Convergence Energy Services Ltd, the newly-established subsidiary of state-owned Energy Efficiency Services Ltd, will receive a capital infusion of ₹600-700 crore from its parent company to kick off its asset-heavy business operations.

In an interview with BusinessLine , climate finance expert Mahua Acharya, who has been appointed as CEO of CESL, spoke about the new firm’s strategy and goals. Excerpts :

Time for radical power sector reforms

What is CESL’s initial capital base? What will be your fund-raising strategy?

The first step is to immediately capitalise CESL from the parent company, EESL. We will probably be capitalised at ₹600-700 crore. Going forward, we are going to become an asset-heavy business. Convergence has inherited solar assets and an electric mobility business from EESL. I’d like to bring the two together.

EESL to implement country’s first decentralised 100 MW solar convergence project in Goa

At the intersection of these two lies battery storage, which is also heavy on capital expenditure. So, Convergence will be an asset-heavy company.

For additional funding, I would go back to the parent company, but I can imagine that offering nicely-packaged public-private structured solutions will be very attractive to private players in the market and also to EESL because it reduces the parent company’s financial burden of pouring money into an asset-heavy business.

I would like to offer investment opportunities that are packaged decently. There’s no shortage of money, only a shortage of well-structured projects that are bankable. I would like to use this platform to get there, and then leverage additional money from third parties.

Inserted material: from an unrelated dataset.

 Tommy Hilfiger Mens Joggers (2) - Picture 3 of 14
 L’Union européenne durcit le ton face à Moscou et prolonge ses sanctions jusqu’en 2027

How will you make batteries affordable?

A single battery provides more than one service, from charging your car, stabilising the grid, soaking up cheap power from solar plants. An ideal scenario is to have multiple revenue streams for battery storage.

We can either wait for battery prices to come down or we can intervene now and test out a few things on a pilot basis.

We are in discussions with BSES in Delhi on the battery storage units that they need, some of which can be made commercially viable with about 10 per cent subsidy.

The answer is to partially subsidise the battery. Another solution that’s a little further away is the use of carbon credits. If a certain battery solution were to soak up solar power in the daytime, make it available in the evening, when discoms would have used coal to fill that gap, it is directly eligible for carbon credits. That portion of carbon finance is structured well, and can easily bring down the price of batteries by 30-40 per cent.

Both the partial subsidy and carbon credit would have to come from international finance. We have started discussions with European and Asian sovereign entities and we’re in discussion with a few buyers of voluntary carbon credits who are looking for this kind of peak power transformation asset. Bilateral and multilateral bodies have the technology funds that can provide partial subsidy. It’s a bit difficult to get aid for India, but it’s not difficult to get multilateral investments, for example, from the Green Technology Fund that is managed by the ADB and the World Bank. I’m looking quite keenly at them.

What projects are you working on right now?

Convergence inherited a distributed solar business in Maharashtra from EESL. These are solar farms of 0.7-1MW each, stationed near the sub-stations and they feed power into the agricultural feeders.

We’ll be scaling that up from 200 MW to 1.5 GW. With that we’ll be able to cover at least 50 per cent of Maharashtra’s sub-stations, basically solarise these agricultural feeders.

We plan to solarise village-level feeders across India.

We have signed an agreement with Goa for the development of 100 MW of solar power, but in an integrated package where we will also change the pump sets and provide energy-efficient domestic lighting.

How can small-scale solar farms be economically viable?

It takes discoms about ₹6 to provide one unit power to farmers, out of which ₹4 is subsidised by the State. They are still left with a ₹2-shortfall.

Convergence is coming in at the point of feeders that have agricultural pumps connected to them, and replacing that with electricity at ₹3 per unit. Private players don’t find it interesting to go patch by patch across the State, finding land that is sitting with the government and dealing with the hassle with O&M.

O&M is a hassle for us too, but as a public government entity we get to optimise unused land.

How does your strategy change if the Centre’s push for discom privatisation materialises?

Right now, we are targeting discom-owned land. If that doesn’t work, then we’re targeting government land. Even as a public sector company, it’s quite tough to get land. It may become a little harder if discoms are privatised. But the upside is that privatised discoms will be more incentivised to reduce this cost on their grid.

Are there other projects in the pipeline?

We are developing a cash-for-clunkers fund for replacement of ICE two-wheelers with e-bikes. If you’re a motorcycle owner, you would be incentivised to turn in your old motorcycle for a new e-bike.

If all goes well, we’ll have the fund ready in two-three months, for replacing 10,000 motorcycles on the road. It will depend on which State and city will sign up, because there’s skin in the game involved on their part as well. Goa, for example, is very keen.

How would you ensure consumer choice?

Our sensitivity, especially in the two-wheeler business, will be a lot more on consumer choice. The cash-for-clunkers fund will respond to all products in that category in the market.